**Collected data:**
———
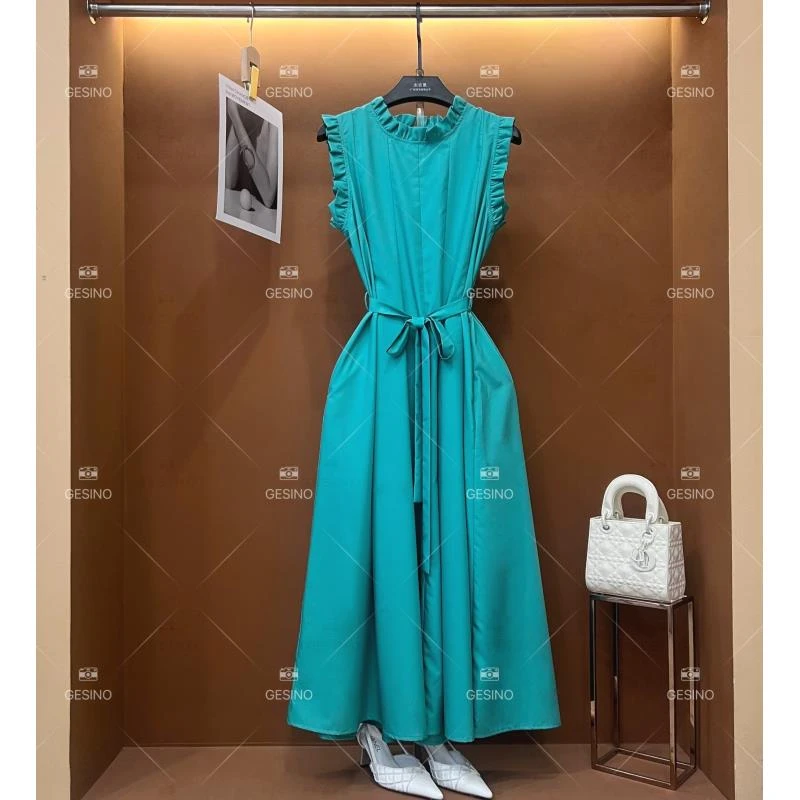 【丽】新款复古时尚百搭印花无袖连衣裙 H-026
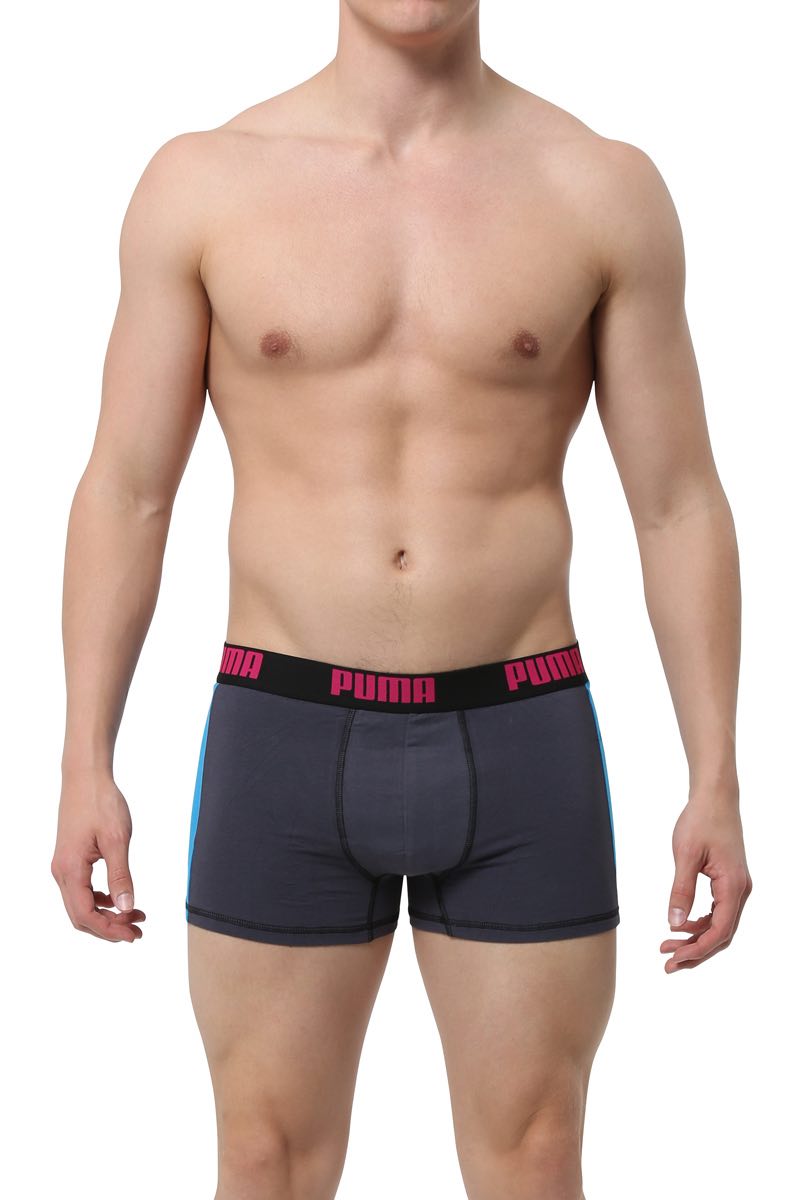 Puma Blue & Grey Cotton Stretch Trunk 2-Pack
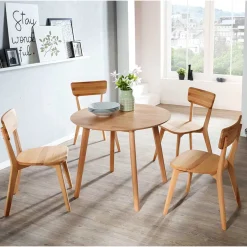 Wohnen Runde Essgruppe aus Massivholz - Priemwa (fünfteilig)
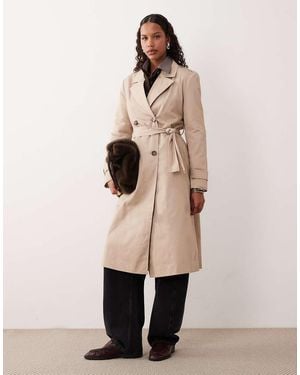 Pimkie Double Breasted Longline Belted Trench Coat - Natural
———
**What this task involves:** Reproduce each line above exactly, but not a single picture.

**Exercise output:**
 【丽】新款复古时尚百搭印花无袖连衣裙 H-026
 Puma Blue & Grey Cotton Stretch Trunk 2-Pack
 Wohnen Runde Essgruppe aus Massivholz - Priemwa (fünfteilig)
 Pimkie Double Breasted Longline Belted Trench Coat - Natural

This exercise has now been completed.